▼
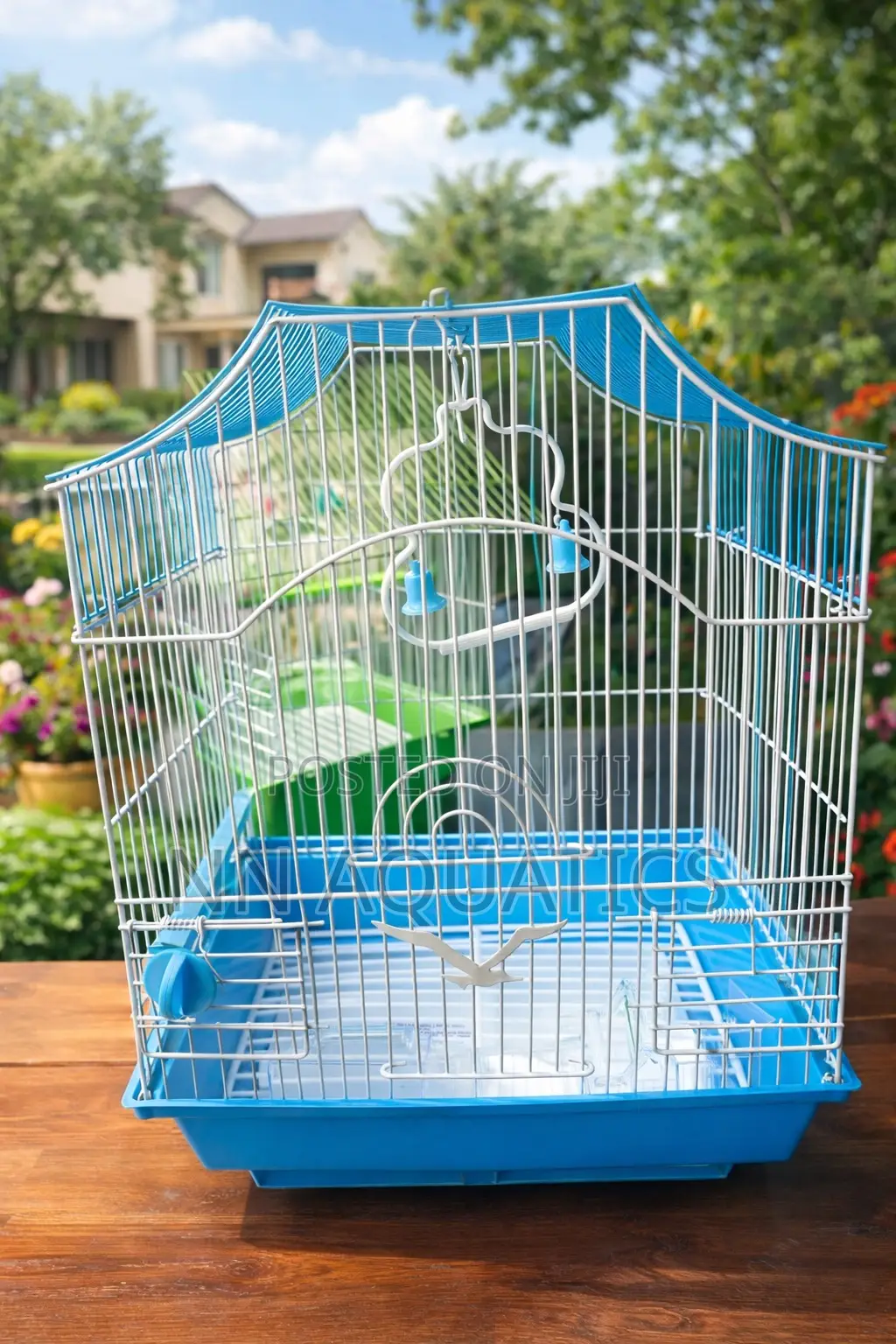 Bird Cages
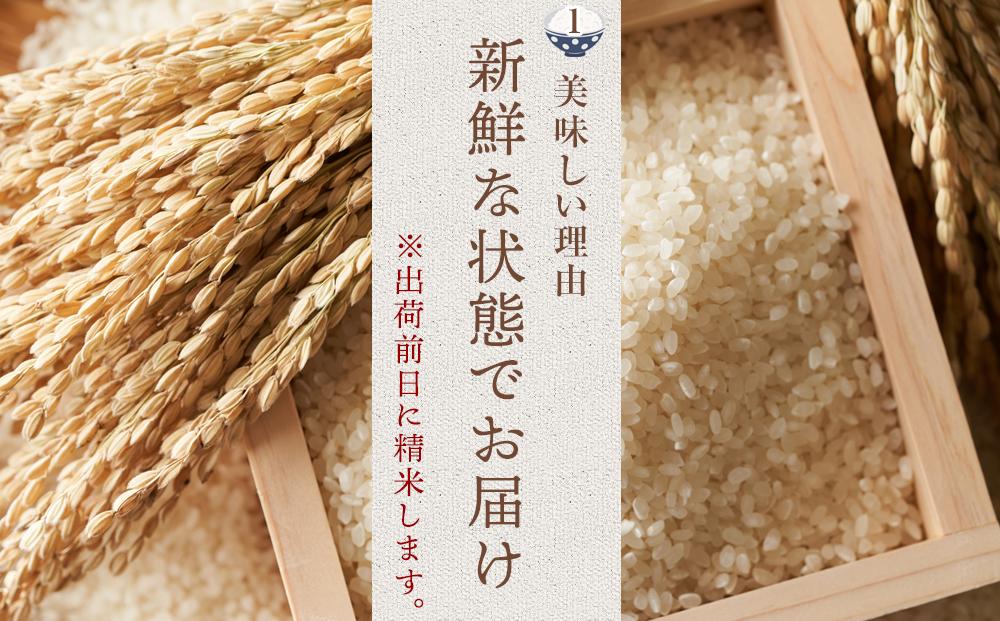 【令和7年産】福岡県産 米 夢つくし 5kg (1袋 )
▲
▼
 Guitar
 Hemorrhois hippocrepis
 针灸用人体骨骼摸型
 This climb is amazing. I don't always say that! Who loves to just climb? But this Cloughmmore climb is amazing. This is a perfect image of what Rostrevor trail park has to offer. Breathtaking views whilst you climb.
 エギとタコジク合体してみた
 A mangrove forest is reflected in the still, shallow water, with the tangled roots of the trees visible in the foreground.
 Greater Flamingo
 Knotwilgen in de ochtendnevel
▲
Your objective
Set down, unchanged, only those lines above that fall between the line with "This climb is" and the line with "Knotwilgen in de ochtendnevel", the two end lines included.

Reply to the exercise
 This climb is amazing. I don't always say that! Who loves to just climb? But this Cloughmmore climb is amazing. This is a perfect image of what Rostrevor trail park has to offer. Breathtaking views whilst you climb.
 エギとタコジク合体してみた
 A mangrove forest is reflected in the still, shallow water, with the tangled roots of the trees visible in the foreground.
 Greater Flamingo
 Knotwilgen in de ochtendnevel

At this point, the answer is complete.